Researchers at the Swiss Federal Institute of Technology in Lausanne reported the phenomenon in perovskites in Scientific Reports (DOI: 10.1038/ srep11654). The research team, led by chemical science and engineering professor Anders Hagfeldt, found that heating a concentrated (1:1 molar ratio) solution of methylammonium iodide and lead iodide in the solvent gamma y-butyrolactone (GBL) to 190°C led to the formation of freestanding methylammonium lead iodide (CH3NH3PbI3) perovskite crystals. Once the crystals reached the desired size, the researchers removed them from the hot solution because the crystals dissolve back into the solution upon cooling. They report making crystals over 1-mm long in 25 minutes.

This initial report was followed by similar advances published in Nature Communications (DOI: 10.1038/ ncomms8586) by a group at the King Abdullah University of Science and Technology (KAUST), and then in Advanced Materials (DOI: 10.1002/adma.201502597) by researchers at the Shaanxi Normal University in Xi’an, China.
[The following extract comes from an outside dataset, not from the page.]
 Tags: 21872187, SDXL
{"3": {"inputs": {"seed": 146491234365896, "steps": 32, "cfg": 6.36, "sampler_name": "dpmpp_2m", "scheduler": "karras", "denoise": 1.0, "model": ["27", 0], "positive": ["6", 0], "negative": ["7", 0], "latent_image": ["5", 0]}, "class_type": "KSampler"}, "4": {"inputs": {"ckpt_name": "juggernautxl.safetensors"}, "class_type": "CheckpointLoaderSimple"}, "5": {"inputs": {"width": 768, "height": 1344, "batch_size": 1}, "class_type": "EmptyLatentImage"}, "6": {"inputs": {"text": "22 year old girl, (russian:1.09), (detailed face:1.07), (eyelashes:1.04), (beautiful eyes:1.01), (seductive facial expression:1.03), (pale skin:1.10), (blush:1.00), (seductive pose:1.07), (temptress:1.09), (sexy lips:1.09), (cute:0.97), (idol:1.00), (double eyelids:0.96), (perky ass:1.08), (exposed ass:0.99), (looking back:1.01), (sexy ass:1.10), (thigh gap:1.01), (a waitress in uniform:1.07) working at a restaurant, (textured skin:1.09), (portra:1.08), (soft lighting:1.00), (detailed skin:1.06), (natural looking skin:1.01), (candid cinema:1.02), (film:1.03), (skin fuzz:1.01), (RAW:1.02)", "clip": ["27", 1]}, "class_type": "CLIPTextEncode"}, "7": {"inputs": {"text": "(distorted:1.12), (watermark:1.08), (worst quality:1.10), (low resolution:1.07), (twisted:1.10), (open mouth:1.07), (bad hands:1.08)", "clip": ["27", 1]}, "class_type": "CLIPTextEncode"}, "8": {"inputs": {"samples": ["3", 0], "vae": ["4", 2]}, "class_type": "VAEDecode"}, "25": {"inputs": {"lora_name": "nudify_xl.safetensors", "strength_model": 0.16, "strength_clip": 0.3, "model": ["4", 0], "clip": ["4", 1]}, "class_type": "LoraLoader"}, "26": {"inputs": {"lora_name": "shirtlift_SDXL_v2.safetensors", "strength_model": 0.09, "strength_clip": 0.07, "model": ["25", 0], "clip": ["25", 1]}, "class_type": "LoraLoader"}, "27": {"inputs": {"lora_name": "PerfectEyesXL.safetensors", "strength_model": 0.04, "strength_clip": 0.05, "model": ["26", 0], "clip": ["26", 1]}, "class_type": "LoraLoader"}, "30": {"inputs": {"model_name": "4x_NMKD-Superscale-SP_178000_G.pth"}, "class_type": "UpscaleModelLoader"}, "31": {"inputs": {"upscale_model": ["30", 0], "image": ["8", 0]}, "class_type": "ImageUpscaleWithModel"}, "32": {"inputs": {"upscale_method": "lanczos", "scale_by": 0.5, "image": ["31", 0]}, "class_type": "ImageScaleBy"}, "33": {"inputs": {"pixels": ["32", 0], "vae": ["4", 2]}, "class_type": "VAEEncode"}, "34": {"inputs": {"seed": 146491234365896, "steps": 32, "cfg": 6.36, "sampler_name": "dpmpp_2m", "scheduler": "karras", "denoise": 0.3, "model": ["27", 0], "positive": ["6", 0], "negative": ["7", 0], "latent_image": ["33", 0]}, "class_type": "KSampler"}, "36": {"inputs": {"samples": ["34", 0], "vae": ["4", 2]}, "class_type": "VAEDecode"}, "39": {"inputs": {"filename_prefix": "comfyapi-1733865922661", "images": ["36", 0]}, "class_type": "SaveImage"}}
Materials science and engineering professor Osman Bakr and his colleagues at KAUST reported the crystallization of CH3NH3PbBr3 from N,N-dimethylformamide solvent and the creation of CH3NH3PbI3 crystals from GBL. They calculated the speed of crystal growth to be as high as 20 mm3/h for CH3NH3PbI3 and 38 mm3/h for CH3NH3PbBr3. Conventional solution growth gives a highest speed of 1 mm3/h. Meanwhile, Zhou Yang, Shengzhong (Frank) Liu, and their colleagues at Shaanxi Normal University were able to grow CH3NH3PbI3 crystals with a diagonal length of 28 mm in 12 hours and crystals as large as 71 mm (over 2.5 in.) in length over a period of 48 hours.
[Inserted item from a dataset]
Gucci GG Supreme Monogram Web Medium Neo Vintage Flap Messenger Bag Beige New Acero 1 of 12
Another exciting application of perovskites comes from two independent research teams, which have used the material to make low-cost narrow-band light detectors that selectively detect specific colors across the visible light spectrum.
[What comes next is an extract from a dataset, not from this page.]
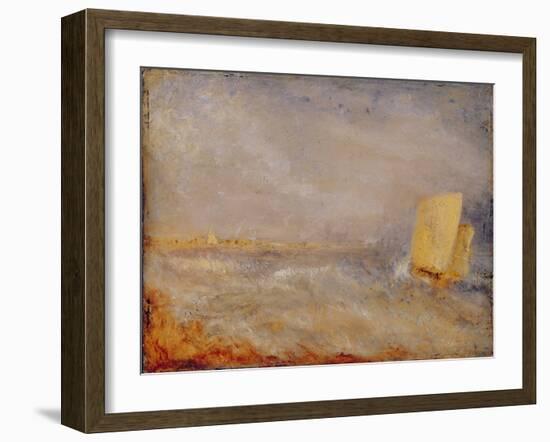 A Sailing Boat off Deal, C.1835 (Oil on Millboard)-Joseph Mallord William Turner-Framed Giclee Print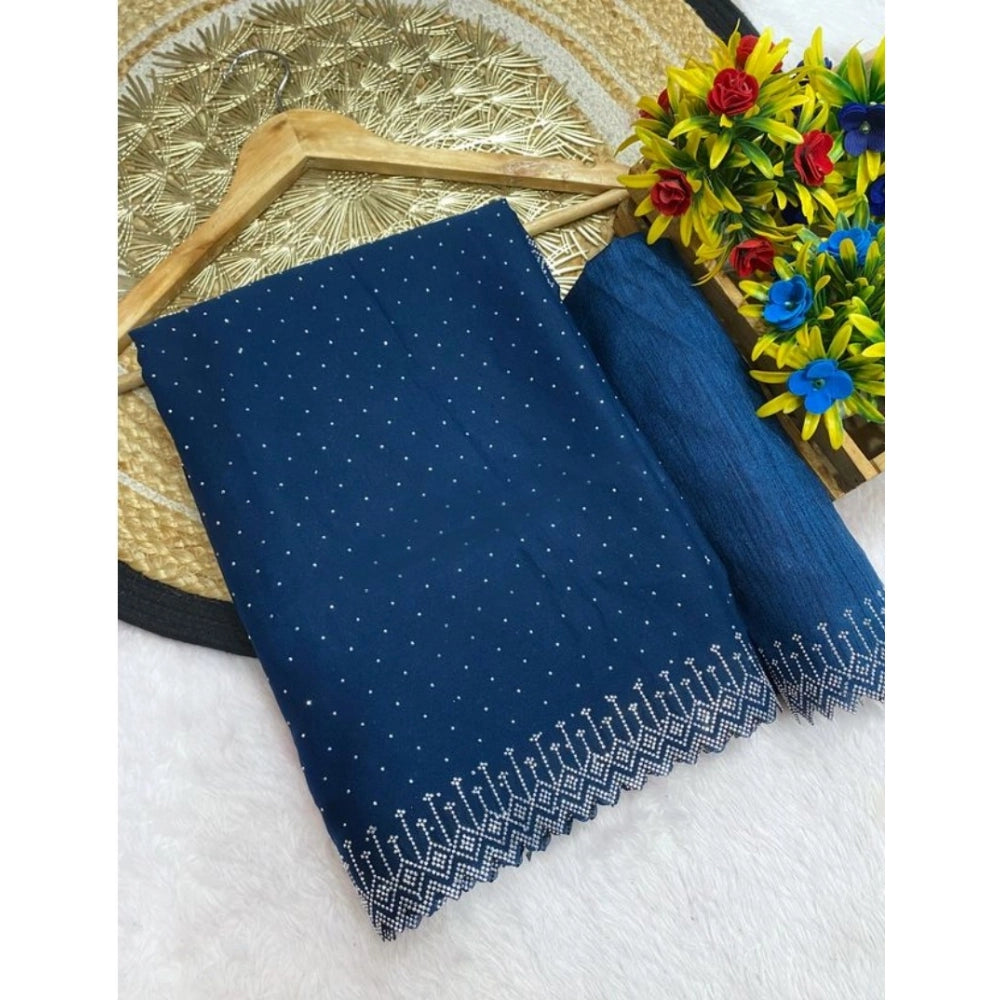 Women's Georgette Stone Work Saree — Light Green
Photodetectors, which are used in imaging, sensing, and optical communication, are typically made of a semiconductor such as silicon. These materials absorb a wide swathe of wavelengths, and in order to sense specific colors, photodetectors employ expensive optical filters that require complicated optical design and integration.

In order to make filterless photodetectors, Jinsong Huang and his fellow materials engineers at the University of Nebraska-Lincoln used single-crystal perovskites in a conventional, planar diode architecture. They used single-halide as well as mixed-halide perovskites. Depending on the perovskite composition, the devices could detect light of different colors ranging from red all the way to deep blue.

Researchers Paul L. Burn, Paul Meredith, and their colleagues at The University of Queensland in Australia, meanwhile, made red, green, and blue photodiodes by adding various organic macromolecules to mixed-halide perovskite films. The articles were published in Nature Photonics (DOI: 10.1038/nphoton.2015.156 and DOI: 10.1038/nphoton.2015.175).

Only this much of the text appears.